Zevkten değil herhalde?
Toplumlar da böyle çalışır aslına bakarsanız.
Ancak, kriz dönemlerinde toplumsal sıçramayı yapacak hamle oluşur.
Şimdiki sorunumuz, II. Dünya Savaş’ndan beri sürekli artan üretim ve refah(?) dünyada ciddi bir konfora düşkünlük ve miskinlik oluşturdu.
Evet, niteliksel olarak gıdaya, suya, sağlık hizmetine ulaşamayan kişi sayısı artıyor ama önemli olan kritik kitlenin durumudur.
Toplumsal sıçrama hamlesini yapacak olan bir kritik kitle vardır ve o yıllardır tüketim ideolojisinin baskısı altında edilgenleşmiş, göbek yapmış, pasifleşmiştir.

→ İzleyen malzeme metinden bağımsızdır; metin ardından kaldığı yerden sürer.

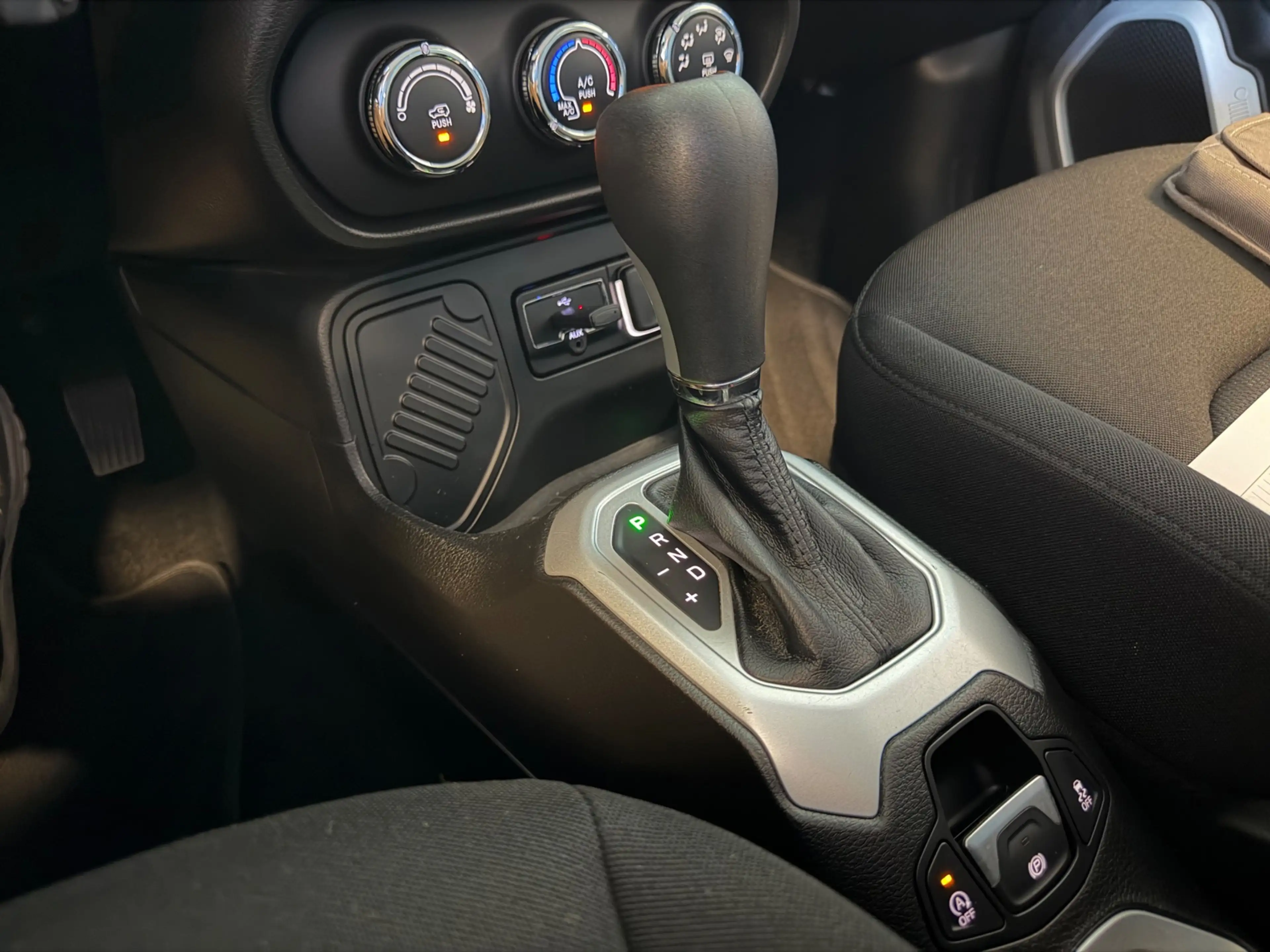 Jeep Renegade 1.4 automaat MultiAir Longitude, NAP, Navi, Cruise — photo 15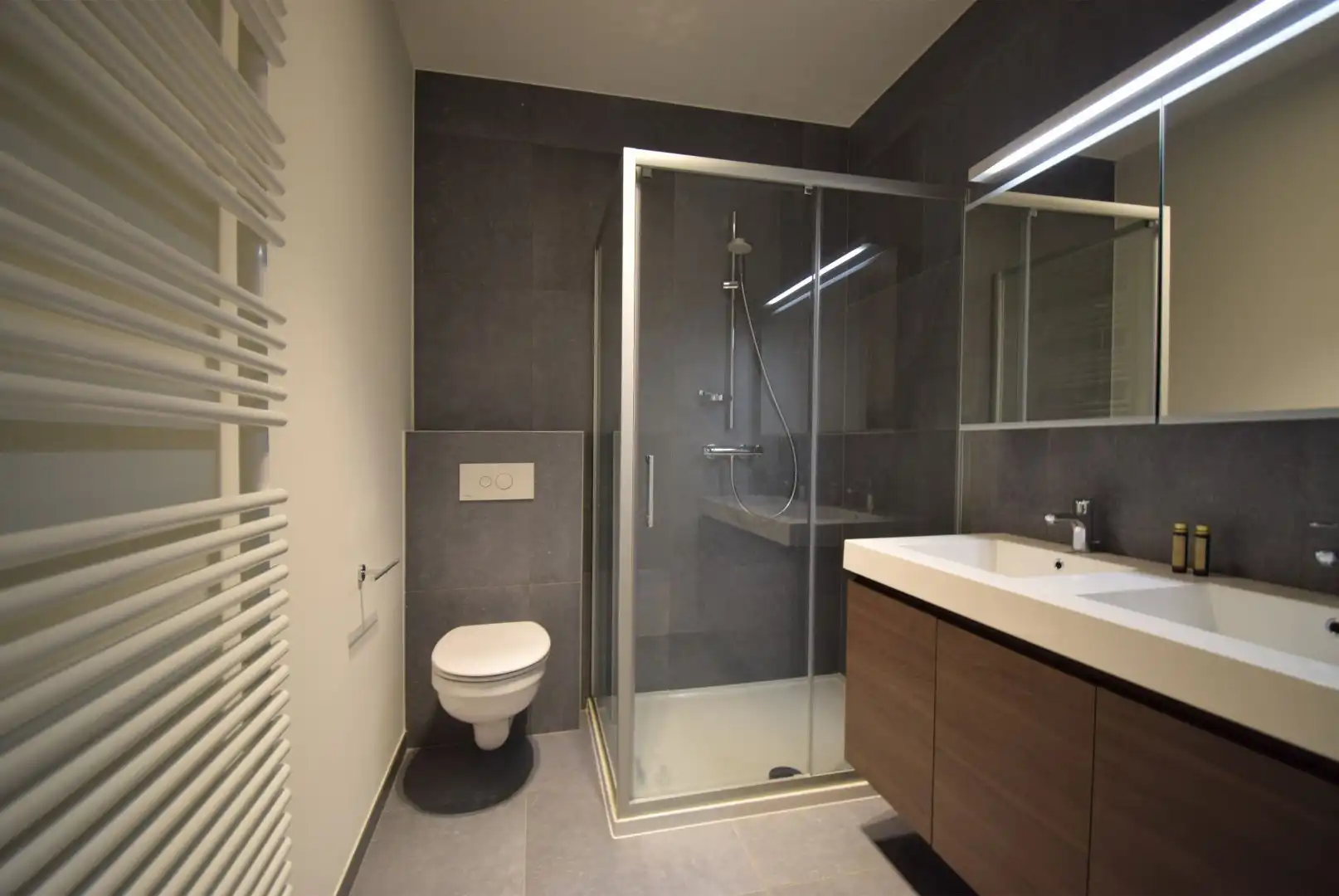 INSTAPKLAAR GELIJKVLOERS APPARTEMENT MET ZONNIGE TUIN EN GARAGE foto 8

Kritik kitlenin keyfi kaçıp, strese girmesi lazım ki, meyve versin.
Şu anda yiyip, içip, boy veriyor.
Diyeceksiniz “krizdeyiz ya, daha ne olsun?”
Güldürmeyin beni, bunlar kriz mriz değil, toplumların belleğinden kriz bilgisi silindi de bilmiyoruz kriz nedir.
Dünya bu hımbıl yayılma haline ne kadar dayanır, bilmiyorum.
Bildiğim bir şey var ki, esaslı krizler esaslı sıçramayı doğurur.